____ Recorded data

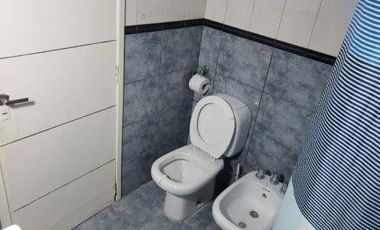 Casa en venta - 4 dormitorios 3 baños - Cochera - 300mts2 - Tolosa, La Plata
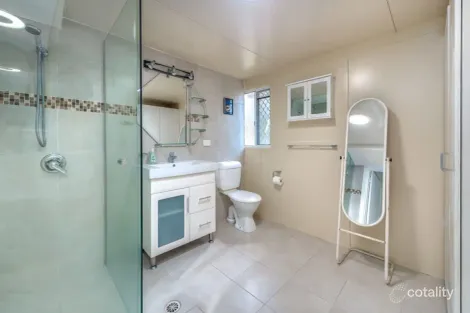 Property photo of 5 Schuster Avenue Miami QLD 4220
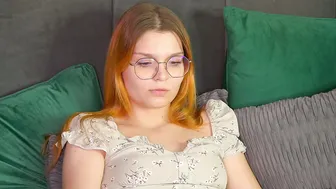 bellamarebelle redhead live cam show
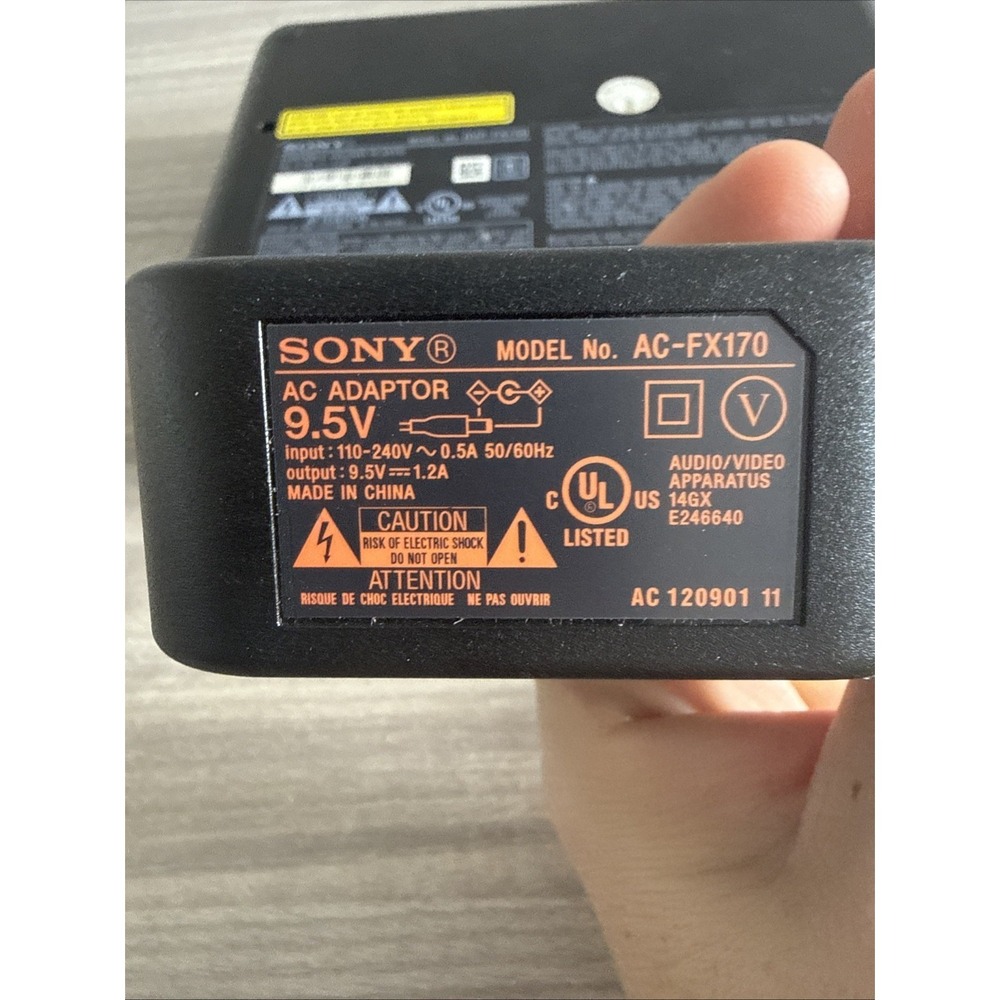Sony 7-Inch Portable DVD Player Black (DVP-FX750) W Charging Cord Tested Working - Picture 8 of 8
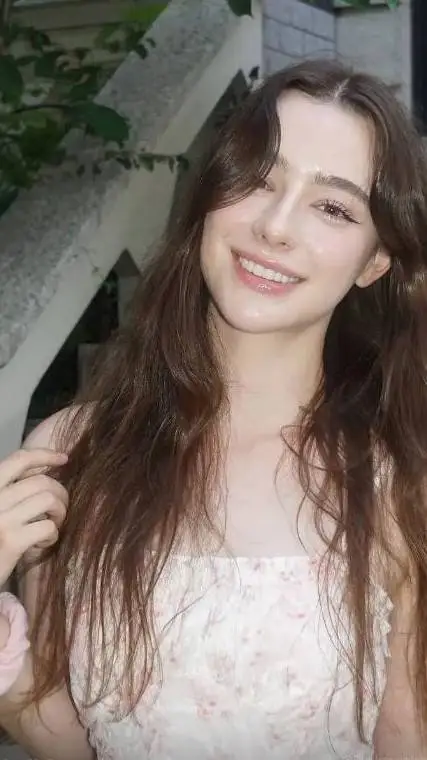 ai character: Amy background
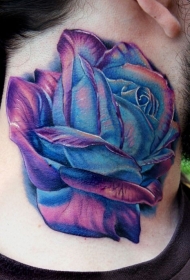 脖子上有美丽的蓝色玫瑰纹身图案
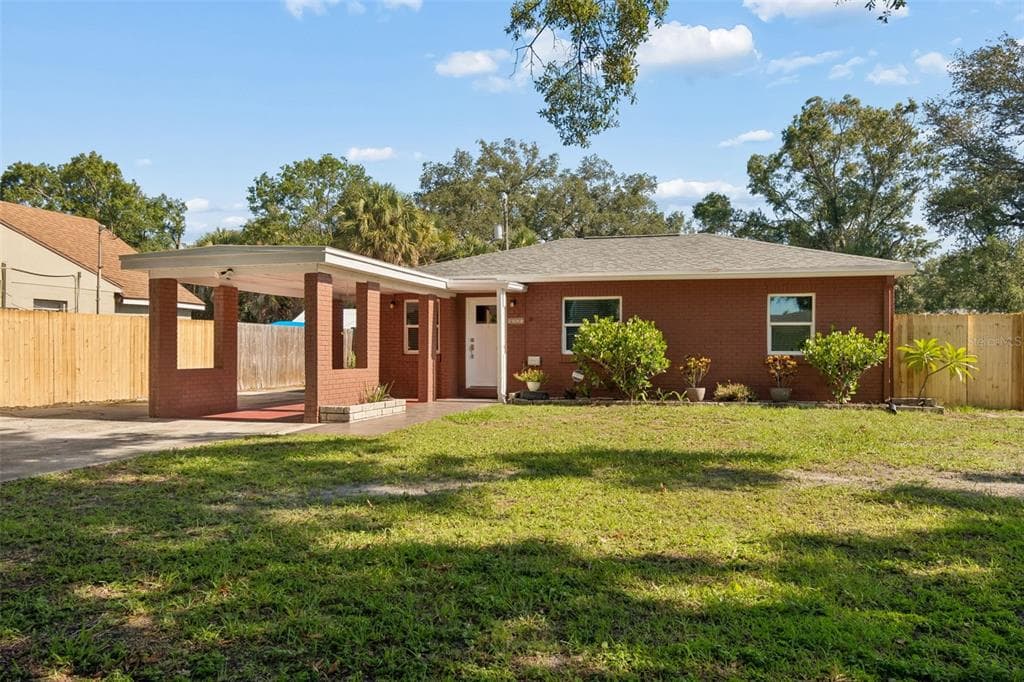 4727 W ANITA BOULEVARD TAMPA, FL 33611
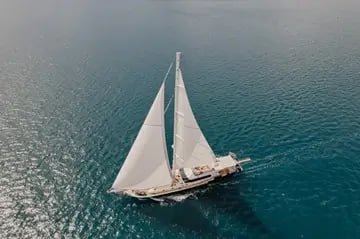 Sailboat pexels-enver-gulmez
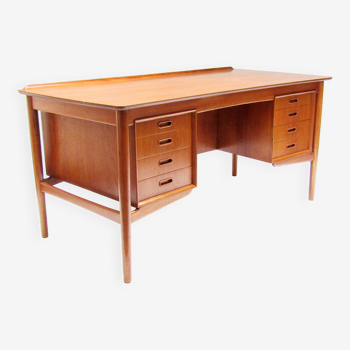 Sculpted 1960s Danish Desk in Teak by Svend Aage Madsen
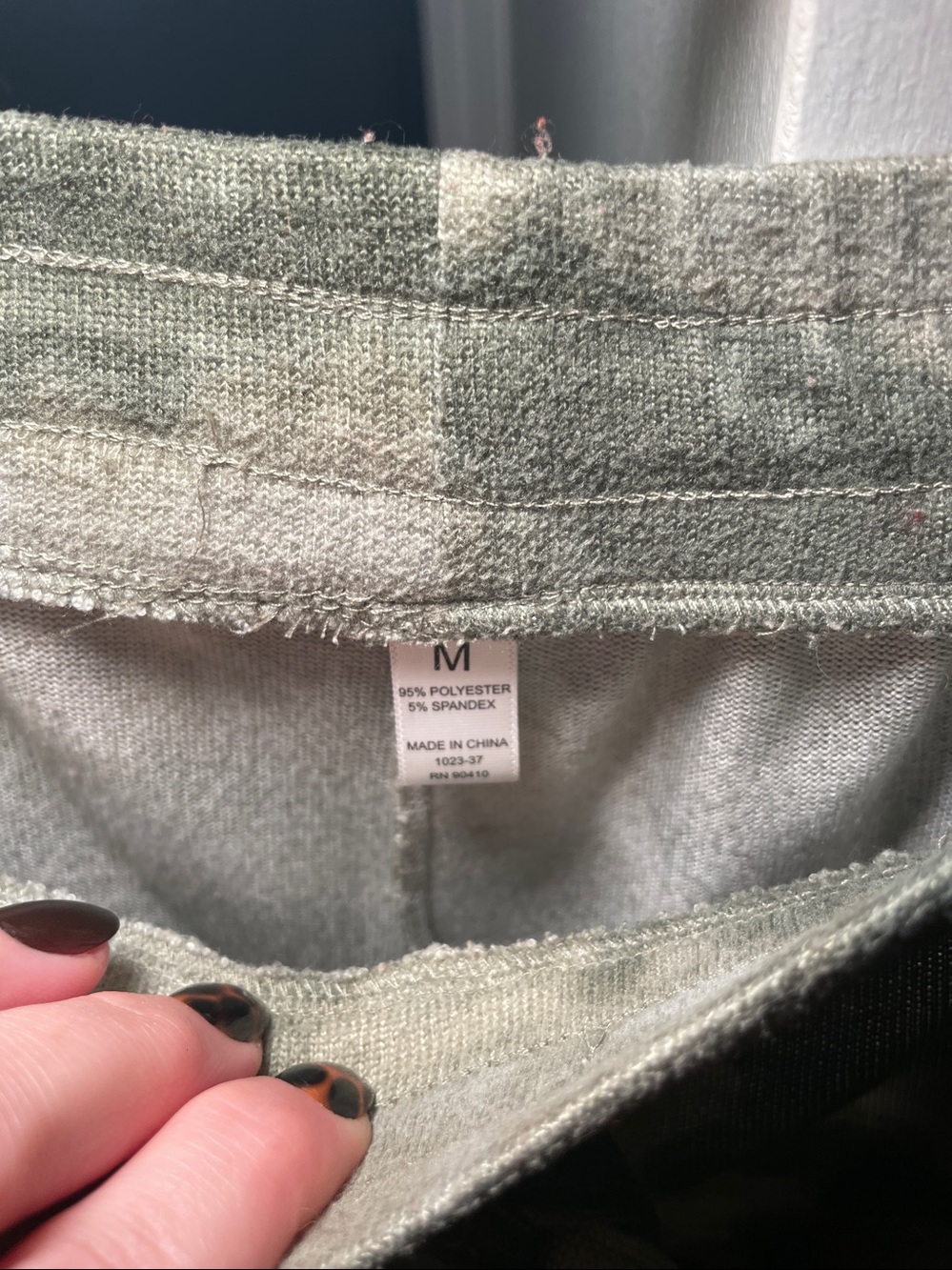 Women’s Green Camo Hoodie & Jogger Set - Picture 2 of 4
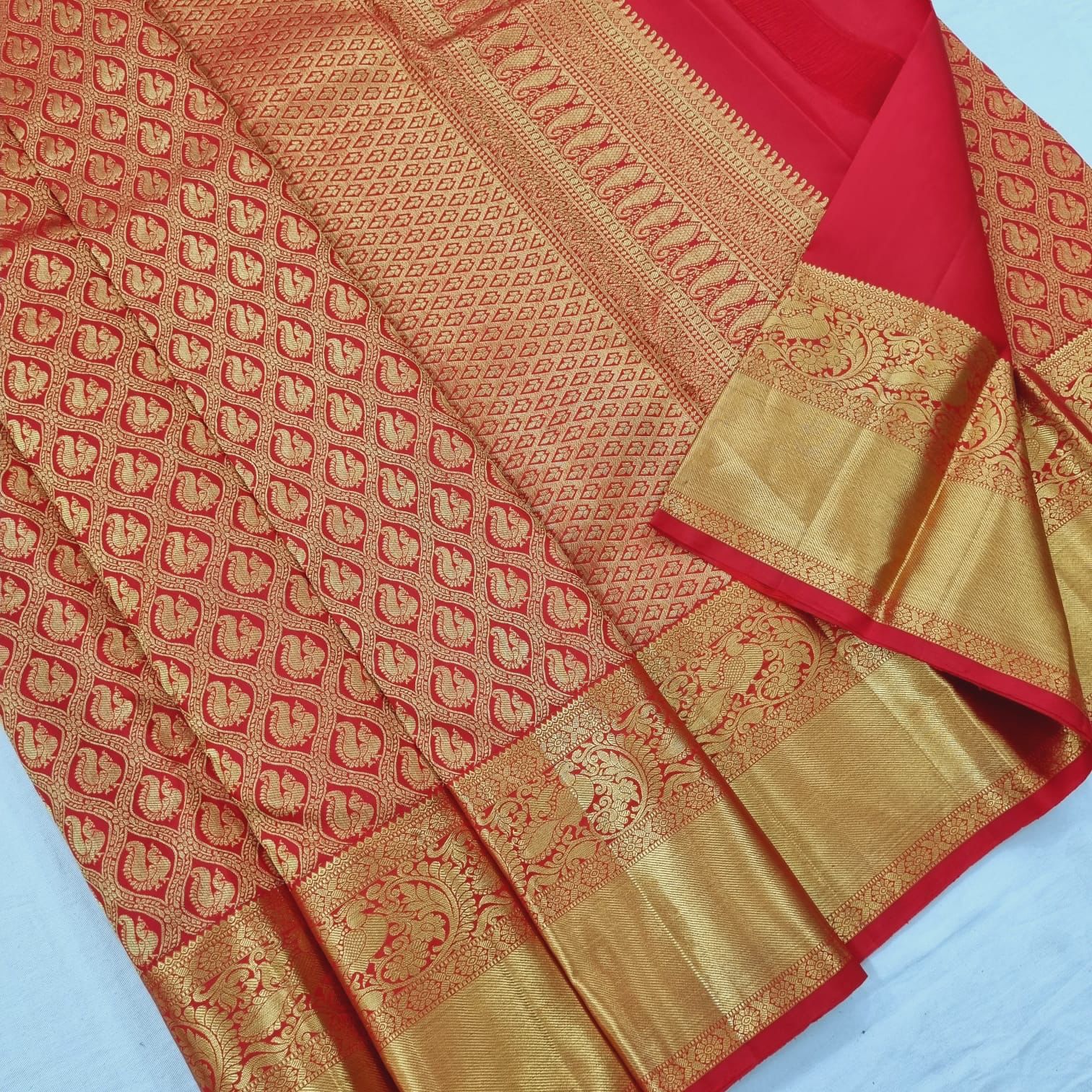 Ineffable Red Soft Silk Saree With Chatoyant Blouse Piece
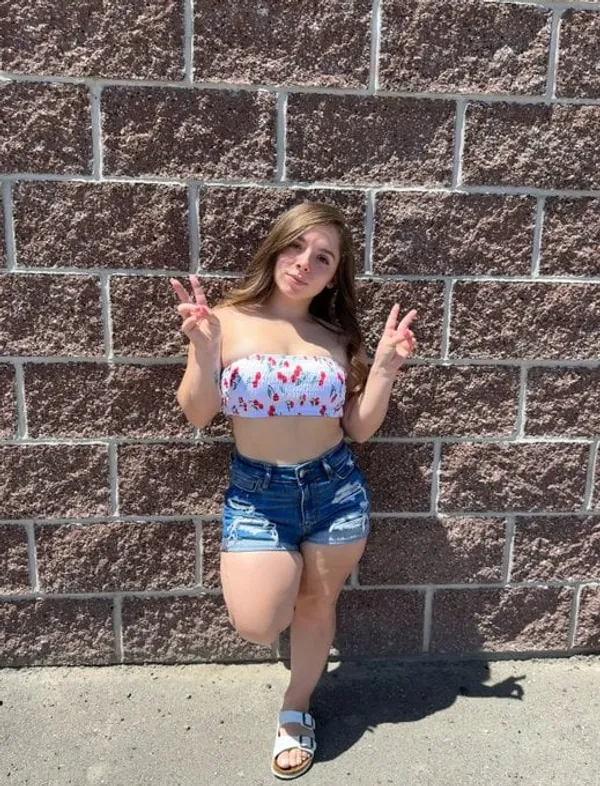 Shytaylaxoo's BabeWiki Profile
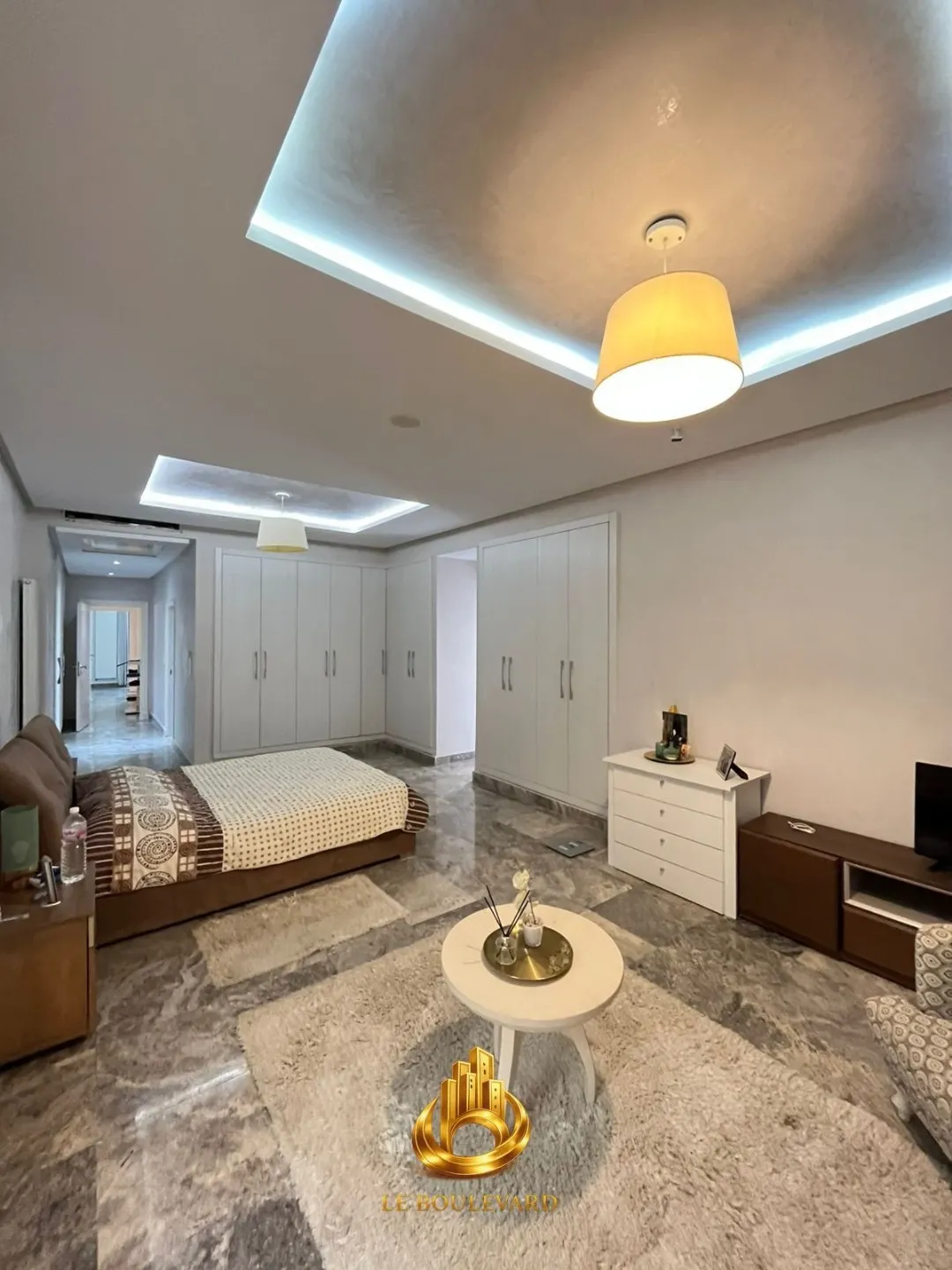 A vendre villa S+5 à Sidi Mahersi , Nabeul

________

What to produce:
All of the entries above need to be repeated exactly, minus the pictures.

Answer section:
 Casa en venta - 4 dormitorios 3 baños - Cochera - 300mts2 - Tolosa, La Plata
 Property photo of 5 Schuster Avenue Miami QLD 4220
 bellamarebelle redhead live cam show
Sony 7-Inch Portable DVD Player Black (DVP-FX750) W Charging Cord Tested Working - Picture 8 of 8
 ai character: Amy background
 脖子上有美丽的蓝色玫瑰纹身图案
 4727 W ANITA BOULEVARD TAMPA, FL 33611
 Sailboat pexels-enver-gulmez
 Sculpted 1960s Danish Desk in Teak by Svend Aage Madsen
 Women’s Green Camo Hoodie & Jogger Set - Picture 2 of 4
 Ineffable Red Soft Silk Saree With Chatoyant Blouse Piece
 Shytaylaxoo's BabeWiki Profile
 A vendre villa S+5 à Sidi Mahersi , Nabeul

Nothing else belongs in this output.